Lesley G. King, MVB, Diplomate ACVECC, ACVIM (Small Animal Internal Medicine),& ECVIM (Companion Animal)
Editor in Chief
CCL = cranial cruciate ligament; CCLR = cranial cruciate ligament rupture; NSAID = nonsteroidal anti-inflammatory drug; PRP = platelet rich plasma; TPLO = tibial plateau leveling osteotomy; TTA = tibial tuberosity advancement; WBC = white blood cell
- Murray MM, Spindler KP, Ballard P, et al. Enhanced histologic repair in a central wound in the anterior cruciate ligament with a collagen-platelet-rich plasma scaffold. J Orthop Res 2007; 25:1007-1017.
- Rindermann G, Cislakova M, Arndt G, Carstanjen B. Autologous conditioned plasma as therapy of tendon and ligament lesions in seven horses. J Vet Sci 2010; 11(2):173-175.
- Waselau M, Sutter WW, Genovese RL, Bertone AL. Intralesional injection of platelet-rich plasma followed by controlled exercise for treatment of midbody suspensory ligament desmitis in Standardbred racehorses. JAVMA 2008; 232:1515-1520.

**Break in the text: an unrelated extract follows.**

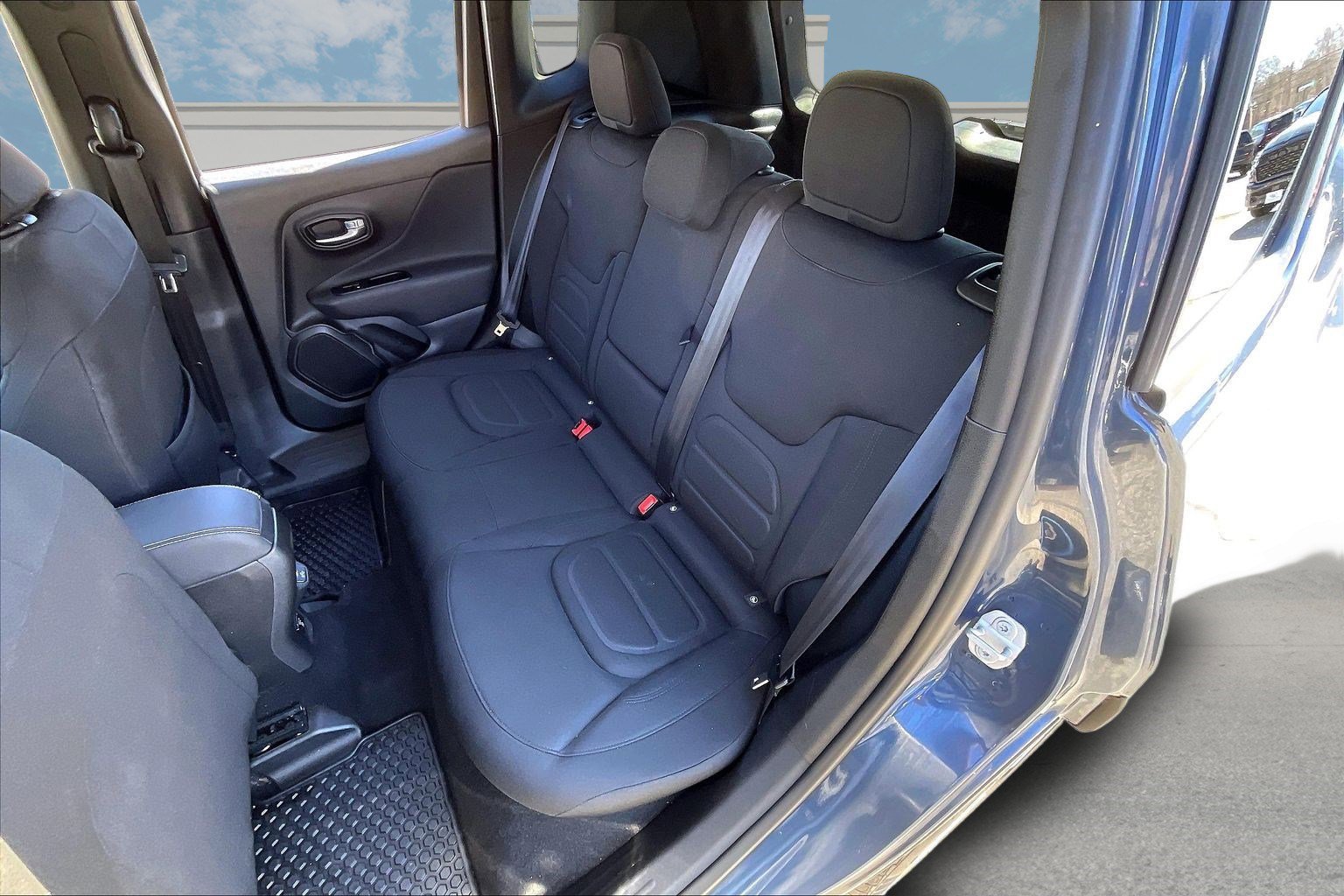 Certified 2022 Jeep Renegade Latitude w/ Convenience Group image 22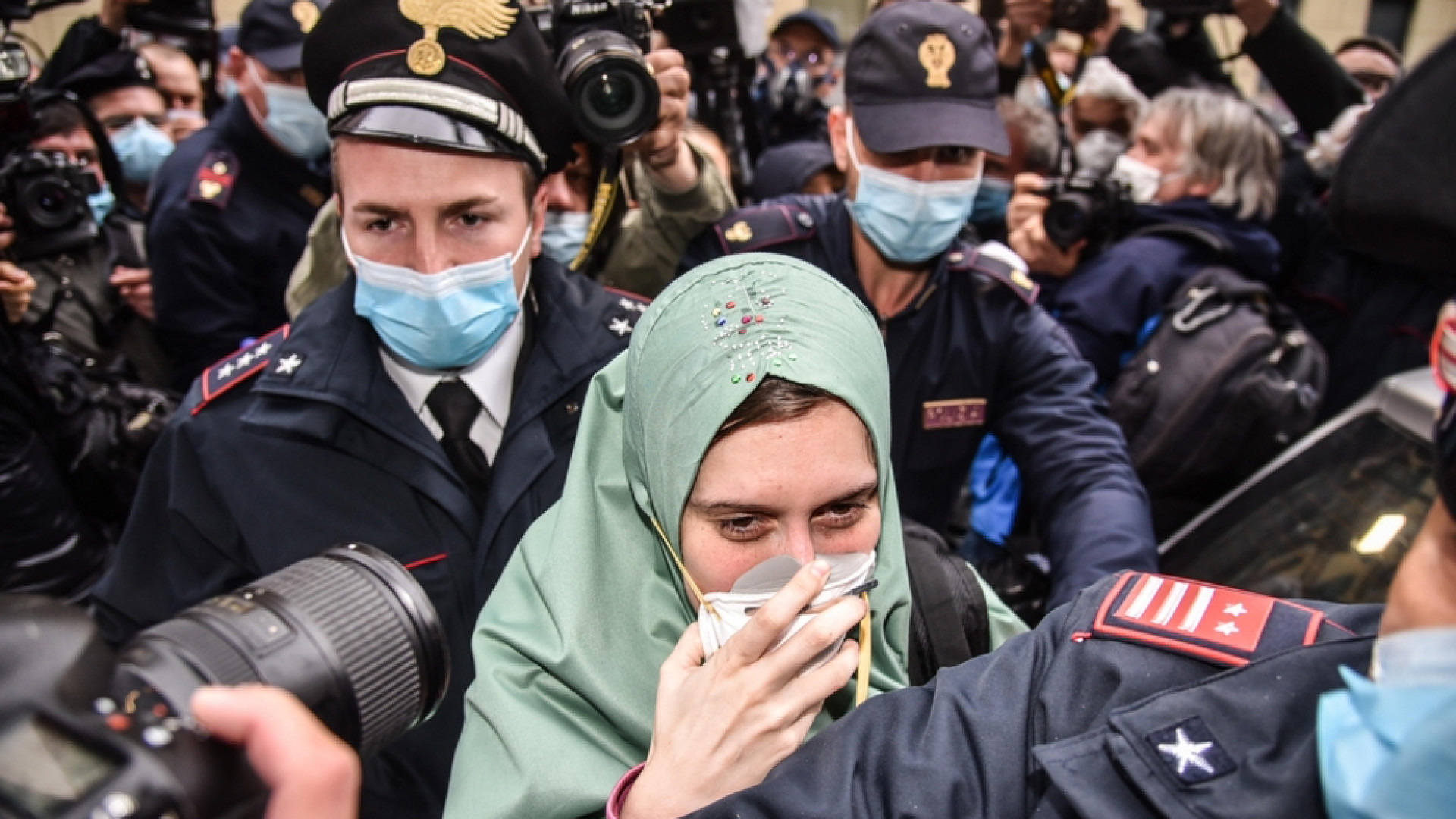 Immagine di Silvia Romano si è sposata: "Ora è felice"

- Torricelli P, Fini M, Filardo G, et al. Regenerative medicine for the treatment of musculoskeletal overuse injuries in competition horses. Int Orthop 2011; 35:1569-1576.
- Taylor DW, Petrera M, Hendry M, Theodoropoulos JS. A systematic review of the use of platelet-rich plasma in sports medicine as a new treatment for tendon and ligament injuries. Clin J Sports Med 2011; 21:344-352.
- Sheth U, Simunovic N, Klein G, Fu F. Efficacy of autologous platelet-rich plasma use for orthopaedic indications: A meta-analysis. J Bone Joint Surg 2012; 94:298-307.
- Vavken P, Sadoghi P, Murray MM. The effect of platelet concentrates on graft maturation and graft-bone interface healing in anterior cruciate ligament reconstruction in human patients: A systematic review of controlled trials. Arthroscopy 2011; 27(11):1573-1583.